Two scalarizations of magnetically charged black holes

TL;DR

This paper investigates two types of scalarization in magnetically charged black holes within Einstein-Gauss-Bonnet-scalar theory, analyzing thermodynamics, shadow properties, and scalarization phenomena with new constraints and behaviors.

Contribution

It introduces two scalar coupling functions for black hole scalarization, derives thermodynamic formulas, and explores observational and scalarization properties with novel findings.

Findings

No constraints on action parameter from shadow analysis.

Identified new mass constraints for black holes.

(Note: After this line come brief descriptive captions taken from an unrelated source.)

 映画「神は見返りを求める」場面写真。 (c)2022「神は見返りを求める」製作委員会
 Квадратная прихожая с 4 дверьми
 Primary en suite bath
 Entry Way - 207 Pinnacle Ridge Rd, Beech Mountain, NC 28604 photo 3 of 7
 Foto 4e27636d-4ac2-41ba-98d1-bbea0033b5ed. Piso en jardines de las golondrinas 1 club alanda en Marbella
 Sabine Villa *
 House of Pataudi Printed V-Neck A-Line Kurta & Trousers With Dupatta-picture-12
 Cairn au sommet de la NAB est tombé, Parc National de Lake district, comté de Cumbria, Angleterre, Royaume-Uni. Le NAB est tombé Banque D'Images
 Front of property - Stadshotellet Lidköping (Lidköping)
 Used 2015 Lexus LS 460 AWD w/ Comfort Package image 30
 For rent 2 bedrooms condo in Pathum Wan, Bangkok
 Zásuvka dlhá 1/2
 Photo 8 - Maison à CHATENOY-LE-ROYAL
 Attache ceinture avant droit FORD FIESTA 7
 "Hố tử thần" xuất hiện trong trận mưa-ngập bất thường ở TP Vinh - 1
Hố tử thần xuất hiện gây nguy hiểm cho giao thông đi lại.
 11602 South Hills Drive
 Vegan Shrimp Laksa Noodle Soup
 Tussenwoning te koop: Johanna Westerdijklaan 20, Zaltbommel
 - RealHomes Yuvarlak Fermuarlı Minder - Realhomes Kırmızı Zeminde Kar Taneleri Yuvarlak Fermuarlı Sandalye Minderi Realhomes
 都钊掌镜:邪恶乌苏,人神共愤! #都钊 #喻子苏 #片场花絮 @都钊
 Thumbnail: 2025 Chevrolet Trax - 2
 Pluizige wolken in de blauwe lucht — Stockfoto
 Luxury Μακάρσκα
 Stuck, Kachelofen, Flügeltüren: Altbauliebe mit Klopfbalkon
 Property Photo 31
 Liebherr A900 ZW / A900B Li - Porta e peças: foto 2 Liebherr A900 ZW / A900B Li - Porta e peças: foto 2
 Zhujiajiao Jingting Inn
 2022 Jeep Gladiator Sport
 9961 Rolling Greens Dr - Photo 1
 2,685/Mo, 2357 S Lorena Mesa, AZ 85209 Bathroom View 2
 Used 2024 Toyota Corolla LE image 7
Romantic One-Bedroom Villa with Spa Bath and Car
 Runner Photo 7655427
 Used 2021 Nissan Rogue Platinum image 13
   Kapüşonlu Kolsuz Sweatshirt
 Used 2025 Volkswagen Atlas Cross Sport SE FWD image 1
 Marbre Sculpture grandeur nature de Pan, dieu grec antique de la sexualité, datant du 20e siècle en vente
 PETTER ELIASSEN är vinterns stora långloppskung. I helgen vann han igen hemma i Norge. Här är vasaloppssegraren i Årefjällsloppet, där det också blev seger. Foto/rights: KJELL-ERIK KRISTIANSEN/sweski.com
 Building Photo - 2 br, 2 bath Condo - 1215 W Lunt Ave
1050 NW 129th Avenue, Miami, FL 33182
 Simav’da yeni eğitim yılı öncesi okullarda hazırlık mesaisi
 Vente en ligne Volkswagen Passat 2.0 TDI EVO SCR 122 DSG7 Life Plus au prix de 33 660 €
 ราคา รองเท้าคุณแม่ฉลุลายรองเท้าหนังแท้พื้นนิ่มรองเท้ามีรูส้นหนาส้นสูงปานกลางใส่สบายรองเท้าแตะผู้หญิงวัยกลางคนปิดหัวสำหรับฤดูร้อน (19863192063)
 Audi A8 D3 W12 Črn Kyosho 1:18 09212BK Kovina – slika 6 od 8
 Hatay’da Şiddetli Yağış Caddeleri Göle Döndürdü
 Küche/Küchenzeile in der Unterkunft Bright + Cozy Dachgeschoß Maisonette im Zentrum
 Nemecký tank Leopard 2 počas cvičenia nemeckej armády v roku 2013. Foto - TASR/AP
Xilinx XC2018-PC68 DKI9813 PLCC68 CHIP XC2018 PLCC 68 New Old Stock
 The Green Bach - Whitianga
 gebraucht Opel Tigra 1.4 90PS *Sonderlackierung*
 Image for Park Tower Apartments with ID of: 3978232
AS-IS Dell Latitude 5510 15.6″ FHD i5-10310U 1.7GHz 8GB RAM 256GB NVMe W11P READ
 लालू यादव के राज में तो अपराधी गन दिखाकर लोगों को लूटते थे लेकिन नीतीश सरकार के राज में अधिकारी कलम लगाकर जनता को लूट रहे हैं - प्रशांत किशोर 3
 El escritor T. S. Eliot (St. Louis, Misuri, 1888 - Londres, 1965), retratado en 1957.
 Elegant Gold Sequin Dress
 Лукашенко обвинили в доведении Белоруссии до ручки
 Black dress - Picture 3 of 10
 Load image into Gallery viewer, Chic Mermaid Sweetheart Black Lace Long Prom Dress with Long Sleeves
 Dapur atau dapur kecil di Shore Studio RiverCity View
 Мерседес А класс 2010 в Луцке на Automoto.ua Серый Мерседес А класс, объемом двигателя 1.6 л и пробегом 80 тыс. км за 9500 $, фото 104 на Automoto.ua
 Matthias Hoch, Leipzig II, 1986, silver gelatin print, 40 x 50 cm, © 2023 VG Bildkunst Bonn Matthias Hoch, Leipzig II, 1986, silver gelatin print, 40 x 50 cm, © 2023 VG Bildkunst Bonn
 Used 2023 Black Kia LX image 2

NED$^+$ scalarization leads to infinite scalarized black hole branches.

Abstract

We study two scalarizations of magnetically charged black holes in the Einstein-Gauss-Bonnet-scalar theory with the nonlinear electrodynamics (NED) term. For this purpose, two scalar coupling functions $f_1(\phi)$ and $f_2(\phi)$ are introduced to couple to Gauss-Bonnet (GB) and NED terms. The bald black hole is described by mass ($M$) and action parameter ($\alpha$) with magnetic charge ($P$), which becomes the quantum Oppenheimer-Snyder black hole for $P=M$ whose action is still unknown. We derive Smarr formula which describes a correct thermodynamics for the charged black hole. Two Davies points of heat capacity are not identified with two critical onset mass and action parameter for GB$^-$ scalarization with $f_1(\phi)$. Furthermore, the shadow radius analysis of charged black hole is performed to include naked singularities and it is compared to the EHT observation. There is no constraints on the action parameter, whereas new mass constraints are found. Finally, the NED$^+$ spontaneous scalarization with $f_2(\phi)$ leads to infinite branches of scalarized charged black holes.